= RECORDS PROVIDED =
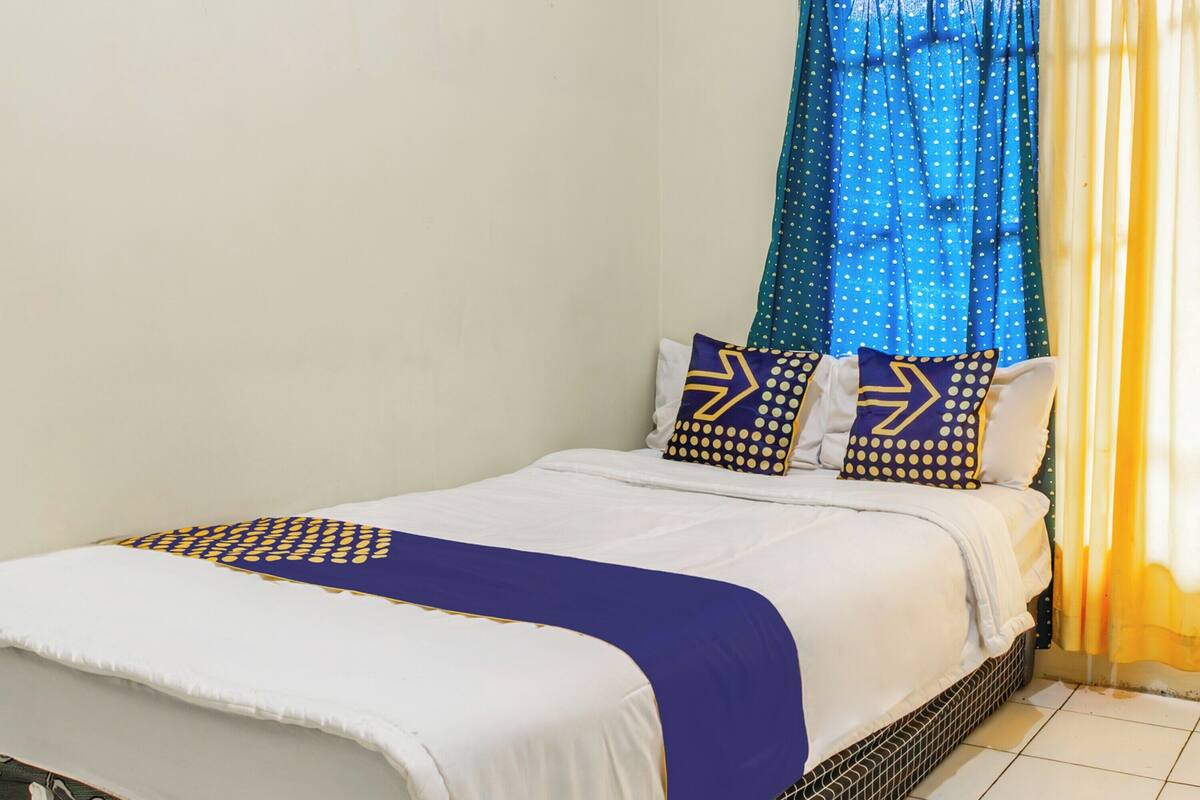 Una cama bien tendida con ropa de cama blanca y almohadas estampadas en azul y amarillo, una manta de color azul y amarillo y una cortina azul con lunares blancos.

==

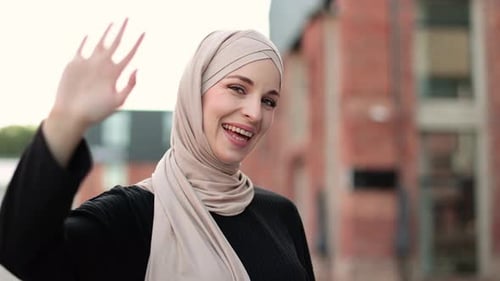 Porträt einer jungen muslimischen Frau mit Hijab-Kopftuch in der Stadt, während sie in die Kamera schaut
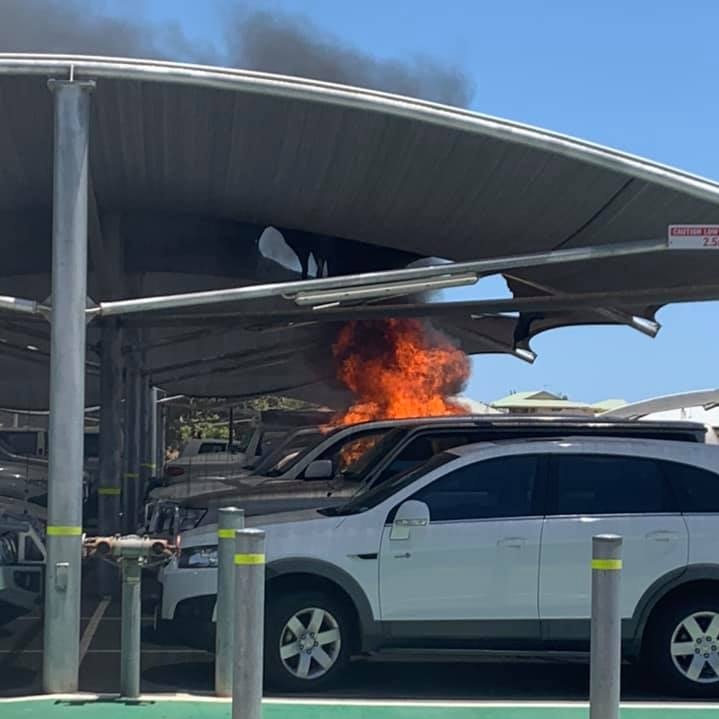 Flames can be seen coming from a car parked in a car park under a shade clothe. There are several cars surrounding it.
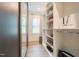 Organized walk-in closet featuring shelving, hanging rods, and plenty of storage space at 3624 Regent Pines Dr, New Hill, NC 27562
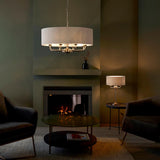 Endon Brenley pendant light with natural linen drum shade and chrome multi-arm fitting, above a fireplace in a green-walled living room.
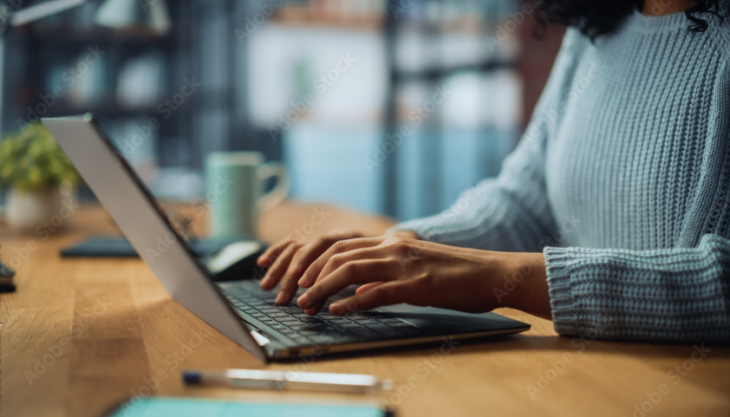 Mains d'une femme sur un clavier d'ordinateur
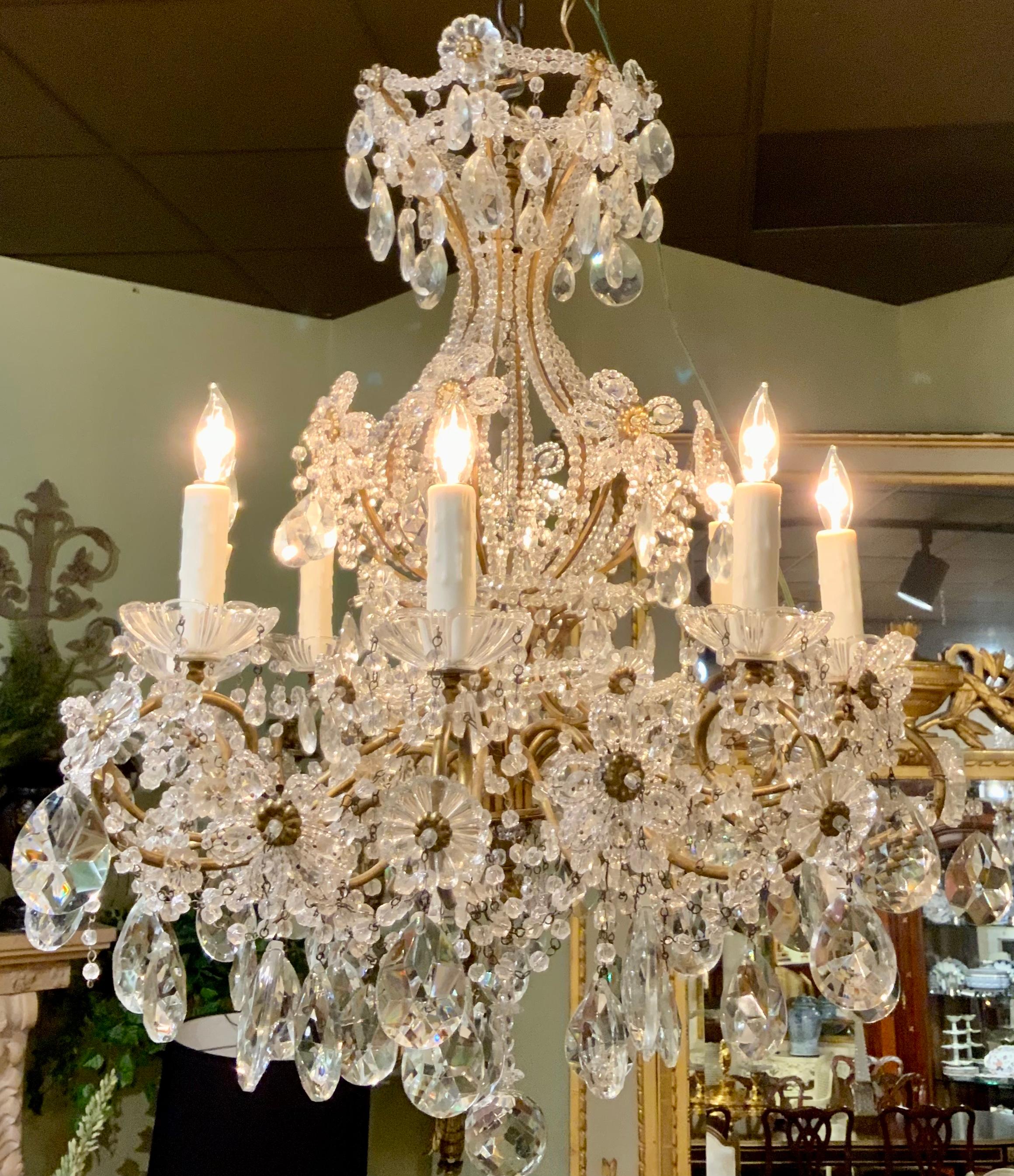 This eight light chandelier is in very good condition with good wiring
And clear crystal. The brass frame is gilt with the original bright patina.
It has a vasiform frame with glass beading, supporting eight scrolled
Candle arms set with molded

= HOW TO COMPLETE THIS TASK =
The lines above from the line with "Mains d'une femme" through the line with "Candle arms set with molded" are to be given again word for word, with no pictures among them.

= YOUR RESPONSE =
 Mains d'une femme sur un clavier d'ordinateur
 This eight light chandelier is in very good condition with good wiring
And clear crystal. The brass frame is gilt with the original bright patina.
It has a vasiform frame with glass beading, supporting eight scrolled
Candle arms set with molded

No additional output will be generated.